First-hand Knowledge Not Required
“Between May 2018 and August 2019,” Davis reported, the spy bureaucracy “secretly eliminated a requirement that whistleblowers provide direct, first-hand knowledge of alleged wrongdoings,” which of course raises questions about the intelligence community’s behavior regarding the August submission of a whistleblower complaint against President Donald Trump.”

That complaint, which is 100-percent hearsay, alleges that Trump broke the law when he asked Zelensky to get to the bottom of the Biden-Burisma influence-peddling scandal. The claim?

Trump sought “foreign interference” in the 2020 election when he told the Ukrainian leader that something was fishy about former Vice President Joe Biden’s pushing Ukraine to fire a prosecutor. That prosecutor just happened to be investigating a company that employed Biden’s son, Hunter.

They didn’t get Trump on the ridiculous charge of Russian “collusion,” and so the Deep State manufactured a similar claim for the 2020 presidential contest. This time, we are told, the “foreign interference” comes from Ukraine.

Trump, the Deep State says, must go. Domestic interference will get rid of him.

Thus do we have a “whistleblower” and a new “disclosure of urgent concern” form, Davis reported, which “eliminates the first-hand knowledge requirement and allows employees to file whistleblower complaints even if they have zero direct knowledge of underlying evidence and only ‘heard about [wrongdoing] from others.’”

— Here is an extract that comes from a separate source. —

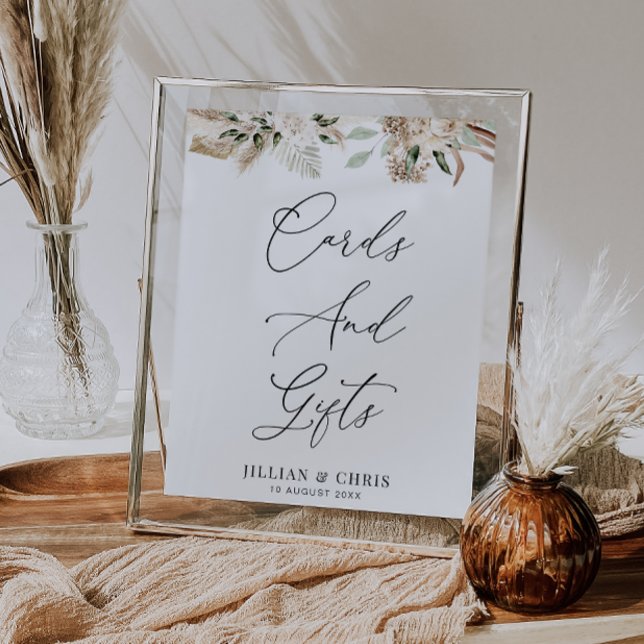 watercolor pampas floral cards and gifts sign (Creator Uploaded)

In other words, hearsay evidence is now admissible in allegations of wrongdoing.

The revised form “was uploaded on September 24, 2019, at 4:25 p.m., just days before the anti-Trump complaint was declassified and released to the public,” Davis wrote. “The markings on the document state that it was revised in August 2019, but no specific date of revision is disclosed.”

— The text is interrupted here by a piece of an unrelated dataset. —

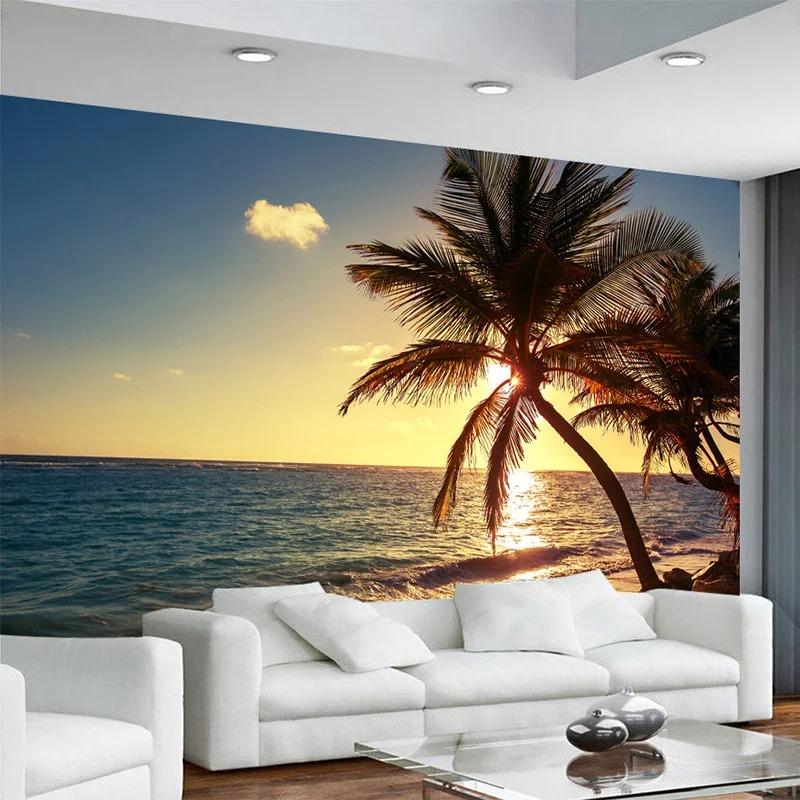Beach Sunset 3d Photo Wallpaper Coconut Palm Seaside Landscape Wall Mural Restaurant Cafe Home Decor Wall Papers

Before that, a whistleblower could only blow the whistle if he witnessed or otherwise had first-hand knowledge of the wrongdoing, David reported.

The old form, OK’d May 24, 2018, is crystal clear, Davis observed. “The [Intelligence Community Inspector General] cannot transmit information via the ICPWA based on an employee’s second-hand knowledge of wrongdoing,” the form stated under these words: “FIRST-HAND INFORMATION REQUIRED.” “This includes information received from another person, such as when an employee informs you that he/she witnessed some type of wrongdoing.”

The form added this to ensure whistleblowers understood the rules: “If you think that wrongdoing took place, but can provide nothing more than second-hand or unsubstantiated assertions, [the Intelligence Community Inspector General] will not be able to process the complaint or information for submission as an ICWPA.”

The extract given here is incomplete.